◆ DIRECTIONS FOR THIS TASK: Print out each record, keeping it identical to the original.

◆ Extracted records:

☆ ☆ ☆ ☆ ☆ ☆ ☆

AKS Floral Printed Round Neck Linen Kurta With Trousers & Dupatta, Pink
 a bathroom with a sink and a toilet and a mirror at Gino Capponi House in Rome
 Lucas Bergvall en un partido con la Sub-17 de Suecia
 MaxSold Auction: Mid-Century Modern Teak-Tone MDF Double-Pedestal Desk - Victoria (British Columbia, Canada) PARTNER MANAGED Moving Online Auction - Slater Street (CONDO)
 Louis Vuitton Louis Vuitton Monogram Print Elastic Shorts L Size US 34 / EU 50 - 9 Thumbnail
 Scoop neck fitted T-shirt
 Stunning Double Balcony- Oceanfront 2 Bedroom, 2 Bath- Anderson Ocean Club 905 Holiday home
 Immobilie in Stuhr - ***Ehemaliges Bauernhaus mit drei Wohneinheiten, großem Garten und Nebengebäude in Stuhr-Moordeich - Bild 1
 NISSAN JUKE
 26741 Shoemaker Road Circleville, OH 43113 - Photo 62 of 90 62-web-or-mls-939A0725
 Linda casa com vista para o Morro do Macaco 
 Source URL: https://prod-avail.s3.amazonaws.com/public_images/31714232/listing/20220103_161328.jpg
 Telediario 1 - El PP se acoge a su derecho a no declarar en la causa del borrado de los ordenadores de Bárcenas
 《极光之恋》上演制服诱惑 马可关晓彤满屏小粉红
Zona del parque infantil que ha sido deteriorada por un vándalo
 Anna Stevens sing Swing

☆ ☆ ☆ ☆ ☆ ☆ ☆

◆ WRITTEN SOLUTION:
AKS Floral Printed Round Neck Linen Kurta With Trousers & Dupatta, Pink
 a bathroom with a sink and a toilet and a mirror at Gino Capponi House in Rome
 Lucas Bergvall en un partido con la Sub-17 de Suecia
 MaxSold Auction: Mid-Century Modern Teak-Tone MDF Double-Pedestal Desk - Victoria (British Columbia, Canada) PARTNER MANAGED Moving Online Auction - Slater Street (CONDO)
 Louis Vuitton Louis Vuitton Monogram Print Elastic Shorts L Size US 34 / EU 50 - 9 Thumbnail
 Scoop neck fitted T-shirt
 Stunning Double Balcony- Oceanfront 2 Bedroom, 2 Bath- Anderson Ocean Club 905 Holiday home
 Immobilie in Stuhr - ***Ehemaliges Bauernhaus mit drei Wohneinheiten, großem Garten und Nebengebäude in Stuhr-Moordeich - Bild 1
 NISSAN JUKE
 26741 Shoemaker Road Circleville, OH 43113 - Photo 62 of 90 62-web-or-mls-939A0725
 Linda casa com vista para o Morro do Macaco 
 Source URL: https://prod-avail.s3.amazonaws.com/public_images/31714232/listing/20220103_161328.jpg
 Telediario 1 - El PP se acoge a su derecho a no declarar en la causa del borrado de los ordenadores de Bárcenas
 《极光之恋》上演制服诱惑 马可关晓彤满屏小粉红
Zona del parque infantil que ha sido deteriorada por un vándalo
 Anna Stevens sing Swing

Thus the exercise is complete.